For the drugs offence he was sent home from the 2006 Champions Trophy but the subsequent ban was later risibly lifted. For striking Asif he was dismissed from the inaugural World Twenty20 last year and later fined 3.4 million rupees (£25,000) and banned for 13 matches. He was on a kind of cricketing parole when he opened his mouth again last month. At various times in between, he has been lacklustre and at odds with captains and coaches. All could see his worth which Shoaib himself also recognised fully. But he sent them into despair. When Bob Woolmer was coach of Pakistan he always reckoned he could deal with Shoaib but the undesirable hangers-on – "gangsters" Woolmer called them – proved too much.

He spent an inordinate time trying to become the first fast bowler to reach 100mph, which he achieved at Cape Town in the 2003 World Cup. But did it really matter? There should and could have been considerably more than 46 Test matches and 138 one-day internationals. A record of 178 wickets at 25.70 in the former and 219 at 23.20 with a strike rate under 30 in the latter hardly constitute either failure or unfulfilment. And yet...

Perhaps his finest series was against England in late 2005. He took 17 wickets in three matches, including five in the last innings of the rubber, and was utterly compelling and incisive throughout.

It was characteristic of Shoaib that yesterday he could see no wrong in anything he had done. Disappointed by the sentence he said he would go to court to appeal. But it was the little boy lost, butter would not melt in his mouth impression that as usual caught the eye, if it did not this time melt the heart.

"Ask the captain, ask coach Geoff Lawson and they would vouch for me. I had played with high fever on the India tour last year which proved my commitment," he said. "I bowl fast so am prone to injuries but I have given my heart, body and soul to this team. I know some vested interest did not want me to be part of the team but I will be back."

He had hoped that an apology for his latest outburst against the board would suffice. But he was wrong. Lawson may want him back in the side. There was plenty of evidence last year that he still had it when he was constantly dismissing top order batsmen with the new ball.

But if he was not a divisive influence around the team he was never a unifying one either. Teams can put up with a great deal from the man who is going to take five wickets and put the fear of Allah into the opposing team but Shoaib seemed never to get it. He appeared to assume that one more excess could merely be followed by one more apology and then the show could go on. Yesterday the show might have stopped for good.

Akhtar antics: The turbulent times of Pakistan's premier paceman

1997 Aged 21, tours England with Pakistan 'A' and is cited for indiscipline.

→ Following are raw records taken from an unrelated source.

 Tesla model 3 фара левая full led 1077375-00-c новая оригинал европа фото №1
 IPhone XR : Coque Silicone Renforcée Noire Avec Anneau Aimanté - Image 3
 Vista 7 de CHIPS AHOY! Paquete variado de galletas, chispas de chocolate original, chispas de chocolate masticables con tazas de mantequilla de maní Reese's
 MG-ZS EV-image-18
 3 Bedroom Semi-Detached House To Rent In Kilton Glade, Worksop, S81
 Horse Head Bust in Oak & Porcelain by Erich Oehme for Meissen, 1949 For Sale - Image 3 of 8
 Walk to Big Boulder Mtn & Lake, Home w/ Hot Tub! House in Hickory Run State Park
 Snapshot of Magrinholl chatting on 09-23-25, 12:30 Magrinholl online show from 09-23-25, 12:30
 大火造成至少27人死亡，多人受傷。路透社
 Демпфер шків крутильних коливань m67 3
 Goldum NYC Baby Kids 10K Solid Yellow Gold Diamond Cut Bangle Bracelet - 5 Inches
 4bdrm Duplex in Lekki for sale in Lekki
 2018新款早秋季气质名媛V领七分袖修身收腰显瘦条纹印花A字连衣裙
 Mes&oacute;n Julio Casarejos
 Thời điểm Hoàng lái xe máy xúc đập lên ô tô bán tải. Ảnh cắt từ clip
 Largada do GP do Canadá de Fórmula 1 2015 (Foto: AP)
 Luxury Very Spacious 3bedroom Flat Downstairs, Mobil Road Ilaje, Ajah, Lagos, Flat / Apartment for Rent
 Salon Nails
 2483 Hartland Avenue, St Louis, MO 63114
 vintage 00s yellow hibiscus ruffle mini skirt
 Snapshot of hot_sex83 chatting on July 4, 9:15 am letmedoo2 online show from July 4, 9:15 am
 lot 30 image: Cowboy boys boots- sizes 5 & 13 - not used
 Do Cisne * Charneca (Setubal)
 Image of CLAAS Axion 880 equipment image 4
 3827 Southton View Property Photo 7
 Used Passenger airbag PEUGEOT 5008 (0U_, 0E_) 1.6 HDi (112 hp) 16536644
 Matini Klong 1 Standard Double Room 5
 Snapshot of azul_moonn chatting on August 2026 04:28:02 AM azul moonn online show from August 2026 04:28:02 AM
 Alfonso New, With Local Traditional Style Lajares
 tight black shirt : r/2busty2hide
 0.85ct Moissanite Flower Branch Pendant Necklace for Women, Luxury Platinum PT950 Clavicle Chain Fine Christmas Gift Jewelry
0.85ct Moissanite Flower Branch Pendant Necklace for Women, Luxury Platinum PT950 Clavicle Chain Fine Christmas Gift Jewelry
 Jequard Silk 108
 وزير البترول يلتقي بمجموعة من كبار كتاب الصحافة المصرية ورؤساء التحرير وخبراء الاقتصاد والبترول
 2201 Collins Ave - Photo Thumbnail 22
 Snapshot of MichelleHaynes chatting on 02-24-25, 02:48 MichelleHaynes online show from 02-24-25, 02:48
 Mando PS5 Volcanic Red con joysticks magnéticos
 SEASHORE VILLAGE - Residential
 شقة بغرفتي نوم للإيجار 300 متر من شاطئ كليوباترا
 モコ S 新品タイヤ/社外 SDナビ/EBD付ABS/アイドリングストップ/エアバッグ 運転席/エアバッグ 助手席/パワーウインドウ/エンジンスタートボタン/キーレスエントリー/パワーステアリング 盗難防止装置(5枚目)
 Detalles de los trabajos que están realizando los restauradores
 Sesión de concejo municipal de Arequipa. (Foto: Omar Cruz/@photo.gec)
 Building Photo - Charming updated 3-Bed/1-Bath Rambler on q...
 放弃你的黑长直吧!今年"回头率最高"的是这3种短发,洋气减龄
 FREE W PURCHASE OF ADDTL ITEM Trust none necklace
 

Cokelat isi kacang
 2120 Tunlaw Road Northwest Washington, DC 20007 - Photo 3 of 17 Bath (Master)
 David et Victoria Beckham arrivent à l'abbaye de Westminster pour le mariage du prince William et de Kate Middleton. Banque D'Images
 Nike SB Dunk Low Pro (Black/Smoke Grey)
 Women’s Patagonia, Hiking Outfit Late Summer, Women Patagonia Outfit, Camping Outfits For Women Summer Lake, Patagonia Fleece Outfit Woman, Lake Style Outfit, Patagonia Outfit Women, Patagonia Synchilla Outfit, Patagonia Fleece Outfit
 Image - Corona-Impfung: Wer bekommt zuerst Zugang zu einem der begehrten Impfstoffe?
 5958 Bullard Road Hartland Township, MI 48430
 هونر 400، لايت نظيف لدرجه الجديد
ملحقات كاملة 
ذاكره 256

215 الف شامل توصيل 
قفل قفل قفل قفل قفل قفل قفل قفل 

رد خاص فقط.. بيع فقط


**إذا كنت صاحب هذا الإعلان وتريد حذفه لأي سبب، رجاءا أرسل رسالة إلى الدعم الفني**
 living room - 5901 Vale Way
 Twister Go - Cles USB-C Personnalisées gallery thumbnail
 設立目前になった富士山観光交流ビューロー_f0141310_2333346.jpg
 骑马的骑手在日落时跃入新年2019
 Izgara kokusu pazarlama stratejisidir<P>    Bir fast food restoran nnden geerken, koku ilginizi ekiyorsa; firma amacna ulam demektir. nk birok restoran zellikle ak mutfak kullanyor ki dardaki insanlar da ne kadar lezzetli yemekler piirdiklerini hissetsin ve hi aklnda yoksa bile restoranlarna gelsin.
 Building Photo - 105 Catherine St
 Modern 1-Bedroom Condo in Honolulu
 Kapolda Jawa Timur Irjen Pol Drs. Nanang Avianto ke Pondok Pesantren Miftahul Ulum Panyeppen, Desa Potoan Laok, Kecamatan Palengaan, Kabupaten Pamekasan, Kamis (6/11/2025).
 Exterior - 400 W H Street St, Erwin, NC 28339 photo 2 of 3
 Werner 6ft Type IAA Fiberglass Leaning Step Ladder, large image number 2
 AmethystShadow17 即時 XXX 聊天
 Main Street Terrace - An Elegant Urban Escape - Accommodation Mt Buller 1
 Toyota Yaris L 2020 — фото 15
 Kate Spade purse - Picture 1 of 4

1998 Takes 5-43 in Pakistan's first Test win in South Africa.

1999 Enjoys wonderful World Cup, especially in semi-final win over New Zealand. Called for throwing.

2002 Bowls first 100mph delivery. Banned for an ODI after throwing a bottle into the crowds in Zimbabwe. Takes 5-25 in one-dayer in Brisbane and 5-21 in Colombo Test.

2003 Banned for ball tampering. Banned for a Test and two ODIs for abusing South Africa's Paul Adams. Misses Test in New Zealand with calf and groin injuries but is pictured day before enjoying a jet-ski ride.

2005 Labelled a disruptive influence by Worcestershire chairman John Elliott. Takes 17 wickets in Test series win v England.

2006 Two-year ban for positive nandrolone test. The verdict was overturned a month later.

2007 Hits team-mate Mohammad Asif with a bat. Handed a 13-match ban and a fine of $57,000 (£28,000) and placed on a two-year probation.

2008 The board's announcement of new central contracts in January sees Shoaib demoted from the top category to a retainership. He is given a five-year ban, preventing him from playing for and in Pakistan, after accusing the board of double standards over awarding of the contracts.

Stats: Tests 46 Wickets 178 BBI 6-11 Ave 25.69.